**What you need to do**. When you copy from the entries that follow, take only the lines from the one with "画像2: 70's Lee" down to the one with "LEGO&reg; kidswear LEGO&reg;", keeping both ends and dropping every picture.

**Information given**.
====

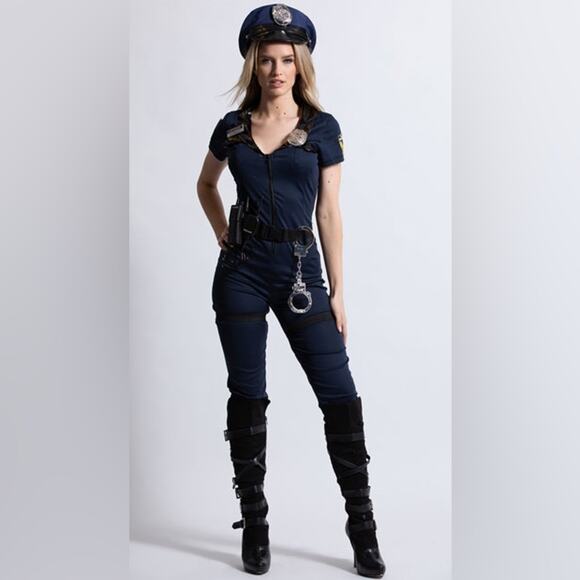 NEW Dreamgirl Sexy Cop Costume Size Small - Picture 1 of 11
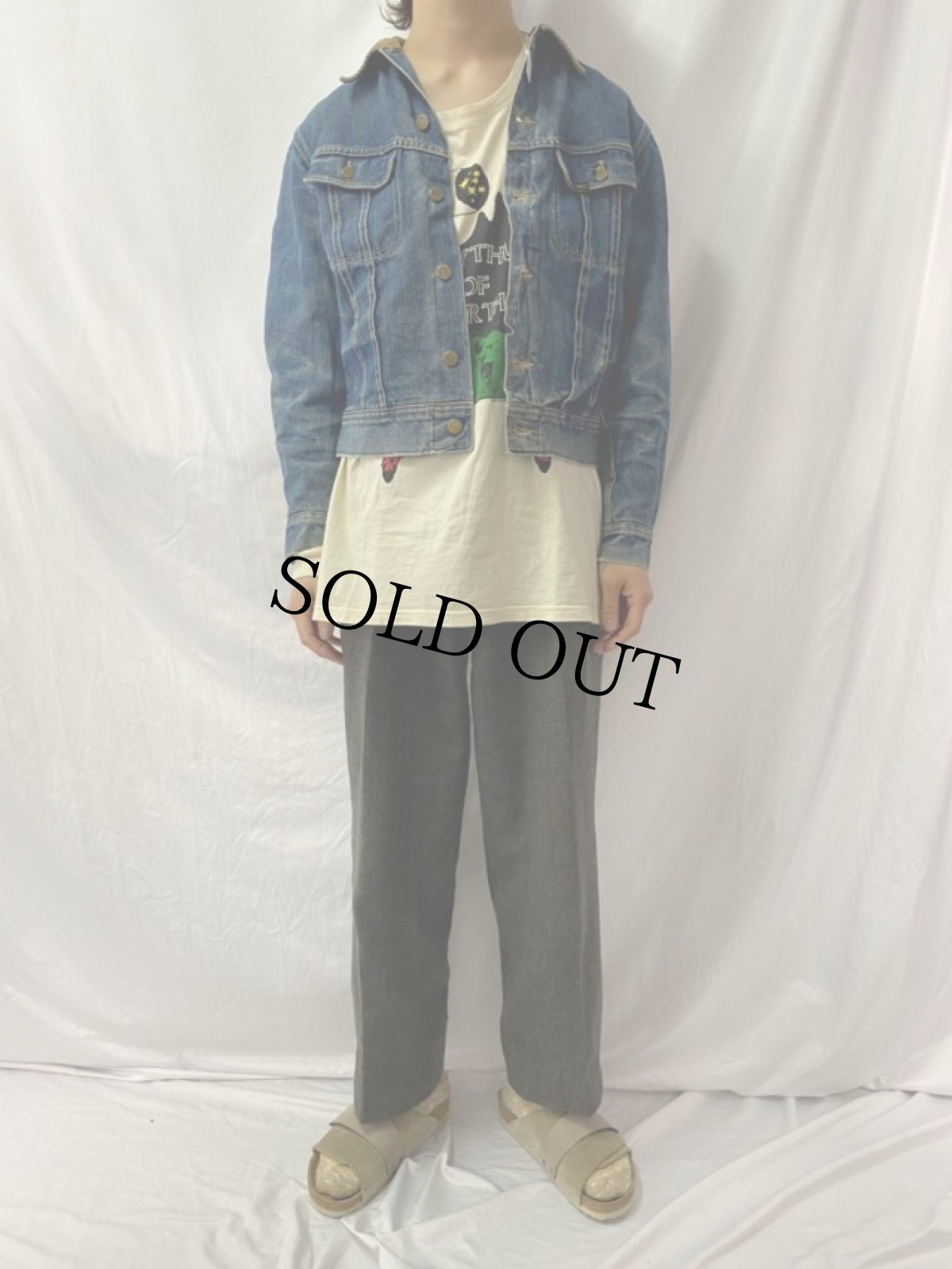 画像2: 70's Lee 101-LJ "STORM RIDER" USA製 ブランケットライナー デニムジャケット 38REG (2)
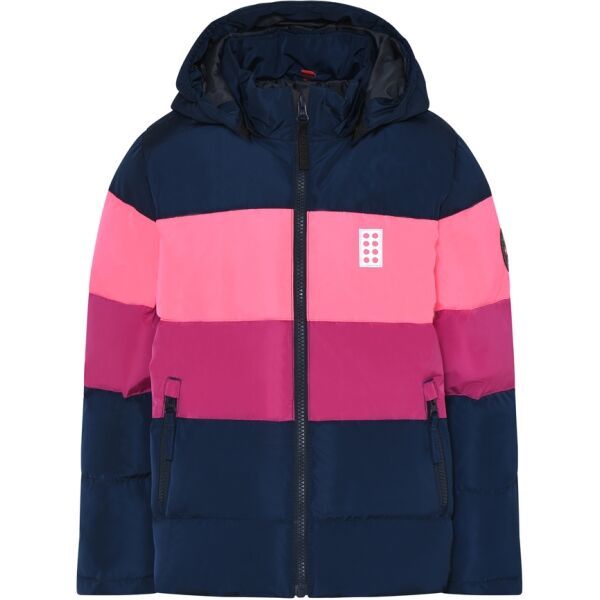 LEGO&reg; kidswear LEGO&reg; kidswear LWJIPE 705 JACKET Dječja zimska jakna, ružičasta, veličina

====

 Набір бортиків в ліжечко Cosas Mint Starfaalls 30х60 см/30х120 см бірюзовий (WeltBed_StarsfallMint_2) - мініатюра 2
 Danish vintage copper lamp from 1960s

====

**Answer section**.
 画像2: 70's Lee 101-LJ "STORM RIDER" USA製 ブランケットライナー デニムジャケット 38REG (2)
 LEGO&reg; kidswear LEGO&reg; kidswear LWJIPE 705 JACKET Dječja zimska jakna, ružičasta, veličina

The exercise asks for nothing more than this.